Britain and France, on Tuesday, reported a total of 880 deaths in less than 24 hours.
381 persons died in the UK while 499 persons died in France.
But experts warned not to read too much in the figures, citing indications that stringent measures put in place last week to cut close-contact transmission of COVID-19 were working.
“As of 5 pm (1600 GMT) on 30 March, of those hospitalised in the UK, 1,789 have sadly died,” the health ministry said on its Twitter page – up from 1,408 on Monday.
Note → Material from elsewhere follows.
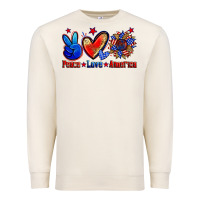 Sandshell peace love america Premium Sweatshirt - Zillion Design Studio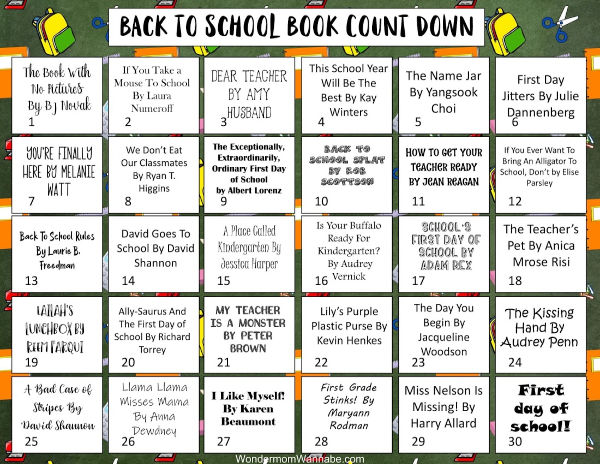 Back to school book countdown printable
Some 25,150 people have now tested positive for the virus in Britain, including Prime Minister Boris Johnson, a daily increase of 3,009.
Emergency medical personnel carries a patient affected with coronavirus (Covid-19) from a military hospital to an ambulance (Photo by SEBASTIEN BOZON / AFP)
Also, there are 22,757 people hospitalised in France with COVID-19, with 5,565 of them in intensive care while a total 3,523 person have died so far, health official Jerome Salomon told reporters in his daily update.
The French death toll includes only those who died in hospital and not those who died at home or in old people’s homes.
“This situation is completely unprecedented in the history of French medicine,” said Salomon.
France has been in lockdown since March 17 in a bid to slow the spread of the epidemic and officials have repeatedly warned it will take time for the measures to bear fruit.
Salomon said hospitals in eastern France — one of the hubs of the outbreak — were under “great tension” and in Paris and its wider surroundings the situation was also “difficult”.
As a result, France has been moving some patients to other regions or even abroad to neighbouring countries.
Salomon said 288 patients had been transferred to regions under less pressure so far and this number would increase in the days to come.
He confirmed that on Wednesday a specially equipped train would transfer 36 patients from Paris to Brittany.